The reality that President Biden will not be impeached and removed does not mean Democrats will not mount a defense of him — he is, after all, their candidate in the next election. One of the issues they will be raising (it’s already come up in Republican questioning of constitutional-law professor Jonathan Turley, one of today’s witnesses) is when conduct that Republicans portray as impeachable occurred.
It is an issue because the influence-peddling scheme that is the crux of the impeachment inquiry, as Republicans have designed it, took place prior to 2019. There is a legal theory that impeachment is meant as a check on presidential abuses of power, and therefore that “high crimes and misdemeanors” are impeachable only if committed while the president in question is in power.
I say this is a “theory” rather than a rule because I am an adherent to the wisdom of Gerald Ford, who during his time as House minority leader observed that an impeachable offense is whatever a majority of the House of Representatives decides it is. Impeachment is a political process, not a legal proceeding. The Constitution commits the question whether to impeach to the House and leaves it to the House to determine what conduct is sufficiently egregious. The courts would not review that political question. Instead, the constitutional check on an abusive House impeachment over trifling misconduct is the two-thirds’ supermajority requirement for Senate conviction (which not only prevents removal over nonsense but should, when the House is working properly, discourage frivolous impeachments in the first place).
But even if we assume, for argument’s sake, that “high crimes and misdemeanors” refers to misconduct in office, the Democrats’ contention has two flaws.
First, Joe Biden was in office during much of the scheme.
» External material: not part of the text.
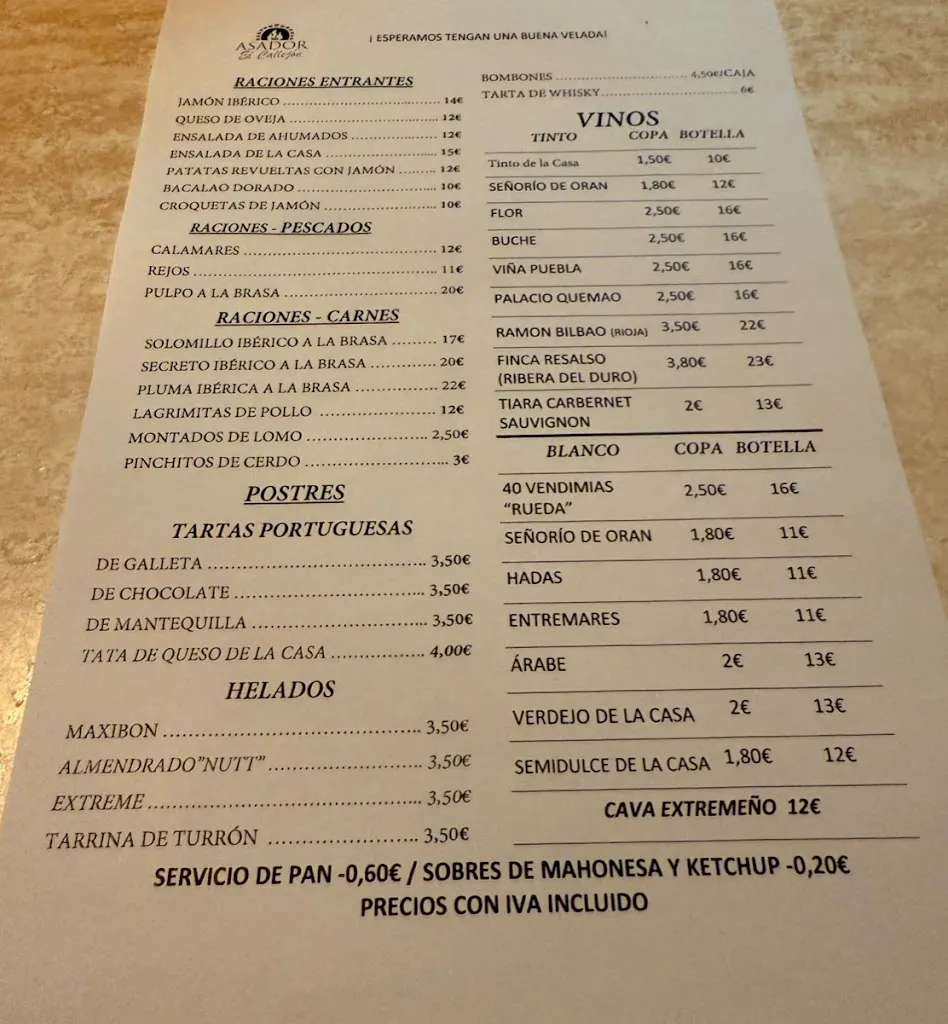 Menu_Asador El Callejón_Garrovilla La_image_1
Indeed, the Biden family’s cashing in while he was vice president is the most alarming evidence the Republicans have thus far collected; and the specter that foreign powers continued to be interested in lining his family’s pockets while Biden prepared a 2020 run for the presidency is patently significant.
Now, the comeback to that is that Biden was vice president — any abuses were not committed during his presidency. That argument would have more force if you believe that a person must be in office at the time of the congressional impeachment process. I don’t believe that — there is nothing in the Constitution imposing such a limit; American impeachment is modeled on the British impeachment of Warren Hastings, who was no longer in power when he was impeached over his actions as the empire’s governor in India. Moreover, President Trump was subjected to a Senate impeachment trial after he was already out of office (the House impeached him just before his term ended). Biden could thus still be impeached for high crimes and misdemeanors committed while he was vice president.
More to the point, the commission of high crimes and misdemeanors is not the only basis for impeachment. The impeachment clause (Article II, section 4) also provides for impeachment in cases of treason and bribery. It would be absurd to suggest that treason would have to be committed during the presidency to be impeachment-eligible. As for bribery, one major impetus in the Framers’ decision to include the impeachment power was fear that the awesome powers of the presidency could be put in the service of a foreign power. Clearly, if a person was bribed by agents of a foreign power prior to becoming president, that person would still be owned and subject to blackmailing by the foreign power during his presidency — exactly the danger that animated the Framers.
Bribery suspicions are the core of the Biden impeachment inquiry. That doesn’t mean there will be articles of impeachment, or even that there necessarily should be articles of impeachment (under circumstances where there is no prospect of conviction in the Senate, it would be a great deal of effort and putting aside of important government business toward no good end). But I do not believe there would be a meritorious temporal objection to impeachment articles.